2020 Mart ayında başlayan pandemiyle birlikte insanoğlu temel ihtiyaçlar noktasında ne kadar kısır bir döngü içinde olduğunu anladı. Özgürlükler dünyasında aslında ne kadar bağımlı olduğunu anladı. Teknolojinin sayesinde evine yiyecek söylerken aslında doğada yaşamanın özgürlük olduğunu anladı. Ancak bu aydınlanma tabii ki çok kısa sürdü. Niye çünkü insanların en büyük yeteneği “Unutmaktır.”
İnsanoğlu pandemide yaşadığı talanı, kıtlığı unuttu ve doğaya karşı daha zulmeder bir konuma geçti. Bunu nasıl mı anlıyoruz televizyonları açın bakın. Her yer yangın yeri. Ormanlar yanıyor. Neden? Cahillikten mi, ihmalkarlıktan mı? Hayır. Ben bunlara inanmıyorum. Ahlaksızlıktan, vicdansızlıktan, zihin yoksunluğundan.
Ateş yakılınca söndürülür. Bu kadar basit. Bu üst düzey bir denklem değil. Öğrenilmesi gereken bir şey de değil. Onun için inanmıyorum ve ormanlara zarar verenlerin en üst seviyede cezalandırılması gerektiğine inanıyorum.
Ozon tabakası deliniyor, küresel ısınma artıyor, hayvanların nesli tükeniyor ya da tüketiliyor!, ormanlar yok oluyor ve pandemiler kapıda bekliyor
Ülkeler Motreal Sözleşmesine uymuyor, Birleşmiş Milletler Sürdürülebilir Kalkınma Amaçlarından çok uzak. Biz ise evde çaresiz kalmaya çok yakınız.

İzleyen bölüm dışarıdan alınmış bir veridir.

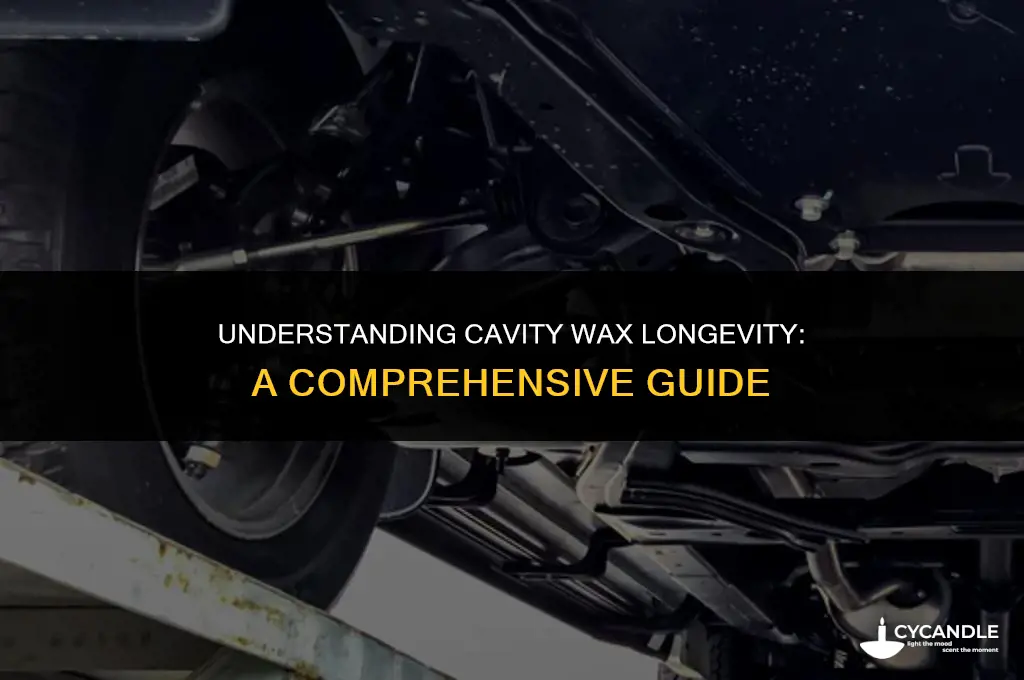 how long does cavity wax last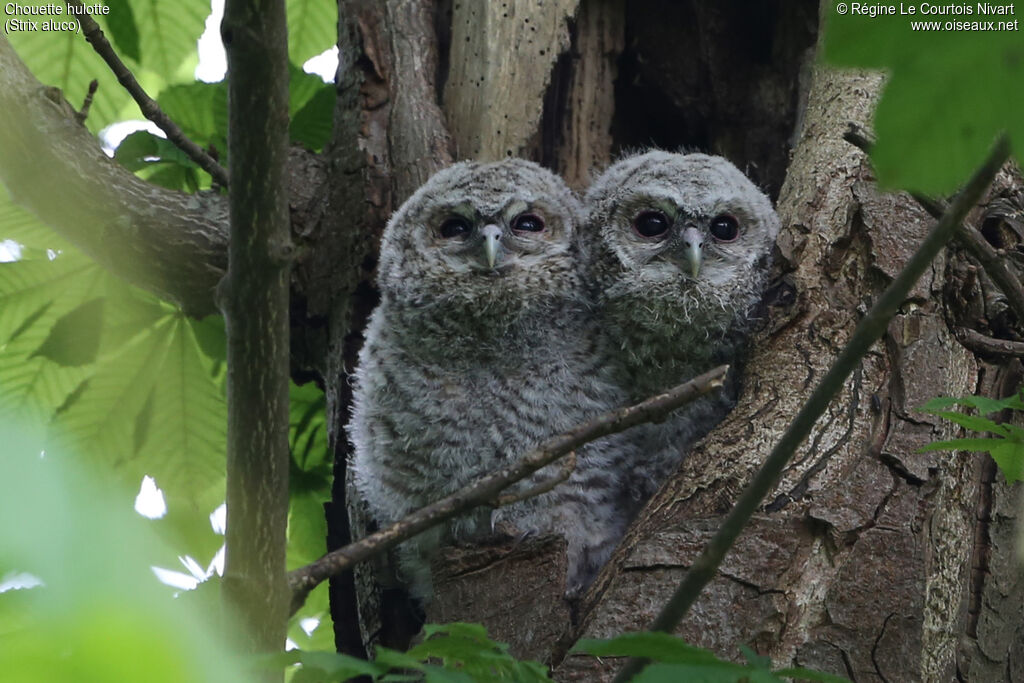 Tawny Owljuvenile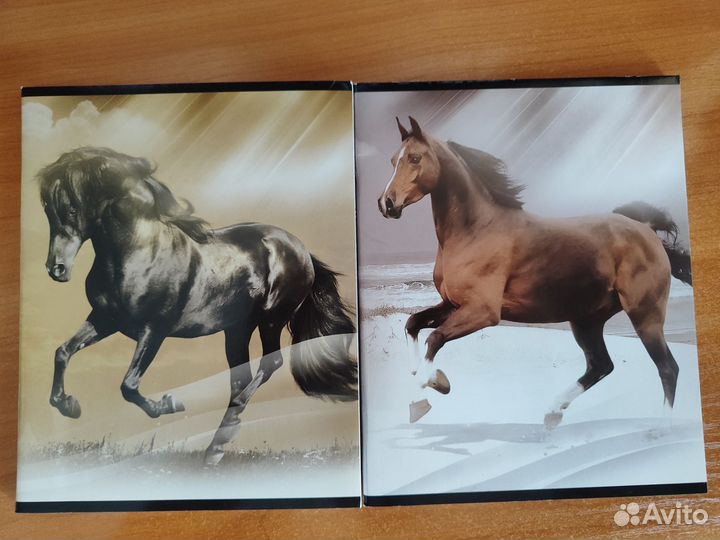 Тетради в клетку с лошадьми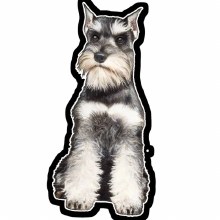 Schnauzer Cropped - Vinyl Sticker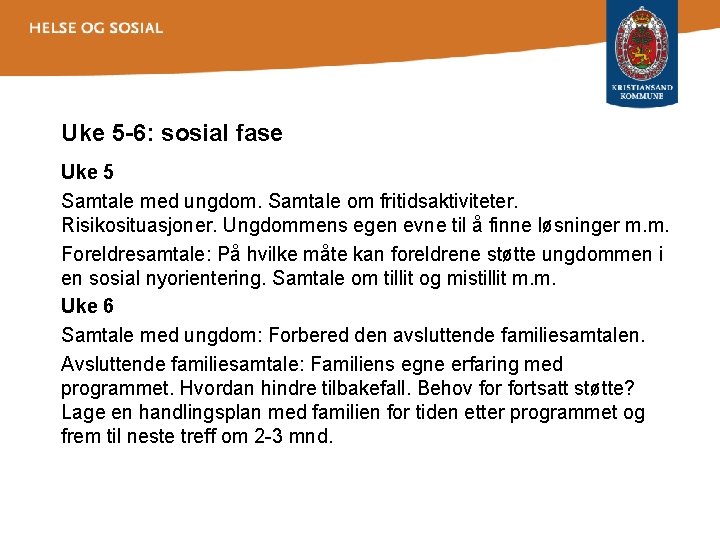 Uke 5 -6: sosial fase Uke 5 Samtale med ungdom. Samtale om fritidsaktiviteter. Risikosituasjoner.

Bizleri kurtaracak olan hobi bahçeleri değil, hobi bahçelerinde yakılan mangallar değil. Bizi kurtaracak olan idrak ve uygulama. Doğanın ve hayvanın korunması insanlığın korunmasıdır.
Oysa ülkelerini yöneten devlet adamları bırakın yarının dünyasını bugüne sahip çıkmaktan bile çok uzaktalar. Orman alanları yerleşim yerlerine dönüyor, deprem bölgelerine, sel bölgelerine yerleşim yerleri yapılıyor. Tüm bunları yapanları tarih ya unutuyor ya da unutuyor oysa unutulmayanlar var. Bir ağaç için binanın yerini değiştirenler var ve tarih onları, onu asla unutmayacak. Kimi mi? Tabii ki Atatürk.

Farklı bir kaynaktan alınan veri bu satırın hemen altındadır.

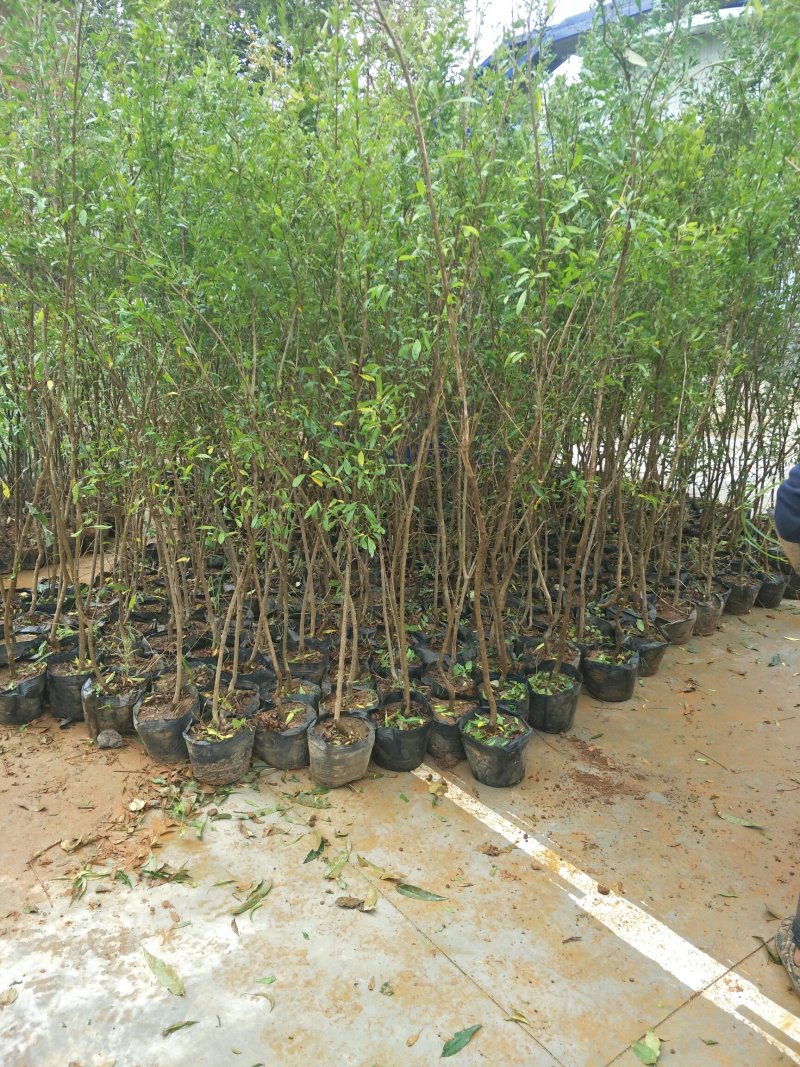 石榴树苗突尼斯软籽石榴苗品种保证薄利多销基地直供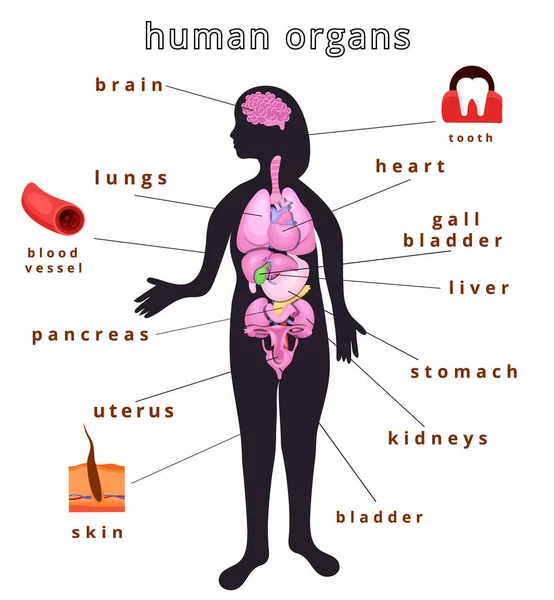 Insan vücudunun organları — Stok Vektör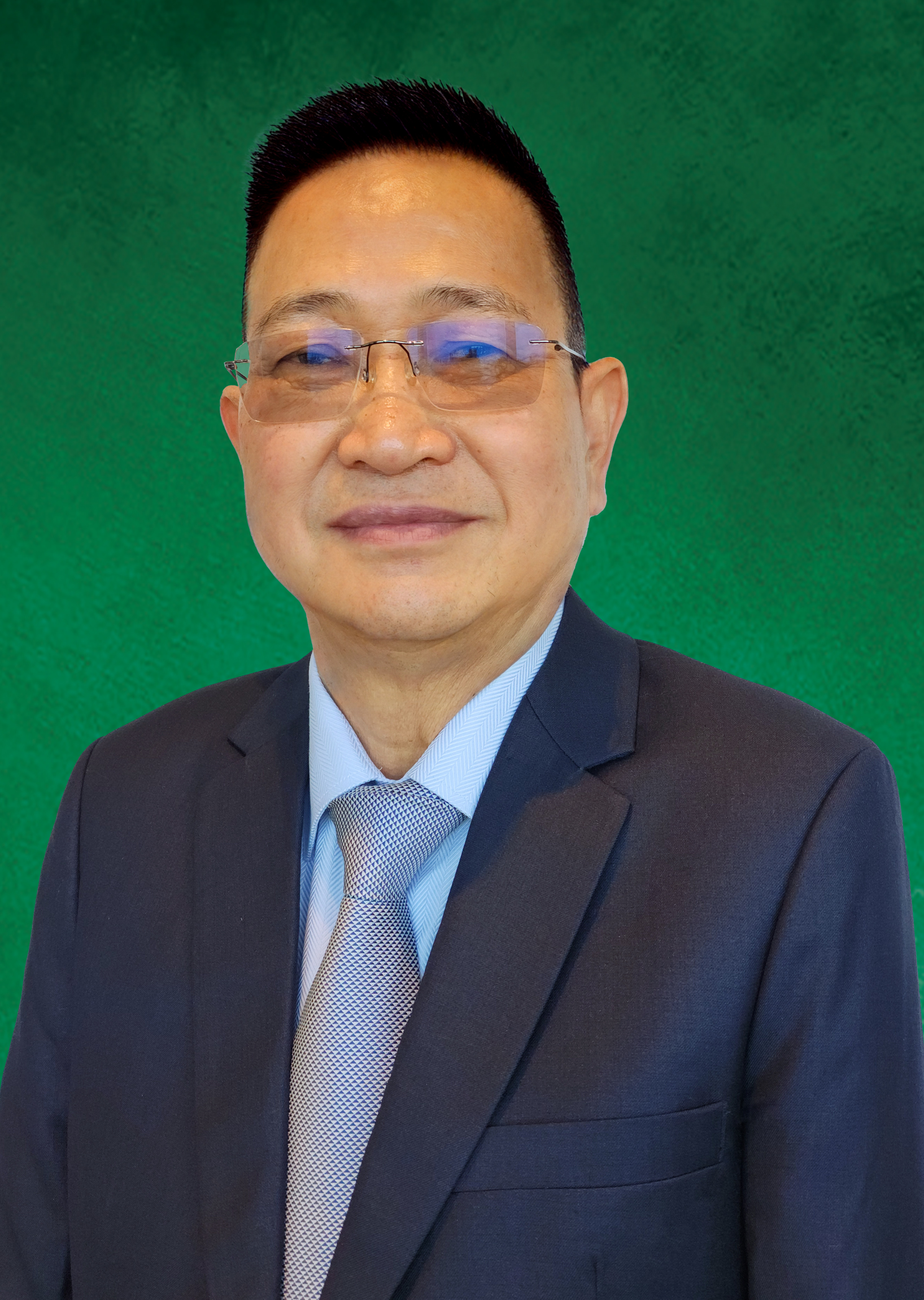 Datuk Tan Mann Chai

Atatürk, Marmara denizi kıyısındaki Yalova’yı çok severdi ve sık sık oraya giderdi. Yalova’ya yaptığı bir ziyarette yatı kıyıya yaklaşırken büyük ve görkemli bir çınar dikkatini çekti. Ağacın gölgesinden yararlanabileceği bir köşk hayali kurdu. Bu hayali kısa bir süre içinde gerçekleştirildi. Ağacın gölgesine küçük bir köşk yapıldı.
Atatürk bir yaz günü, çınar ağacının gölgesinde dinlenirken köşkün bahçıvanı müsaade almak için yanına geldi. Bahçıvan ağacın dallarını kesmek istiyordu. Çünkü rüzgâr estikçe dallar köşkün çatısına vuruyor ve çatıya zarar veriyordu.
Atatürk bu fikre katiyetle karşı çıktı. Biraz düşündü ve ağaca dokunulamayacağını gerekirse köşkün yerinin değiştirileceğini söyledi.
Emir kesindi. Köşk yürütülecekti.
Uzun uğraşlar sonucunda köşk tramvay rayları yardımıyla yerinden kaldırılarak 5 metre ileriye taşındı. O günden sonra köşke “Yürüyen Köşk” denildi.
Bir ağaç için köşkünün yerini değiştiren Mustafa Kemal Atatürk’ü her yöneticinin örnek alması gerekmektedir. Atatürk, doğayı ve dünyayı her şeyiyle seven büyük bir liderdir. Bu yüzden de asla unutulmayacak.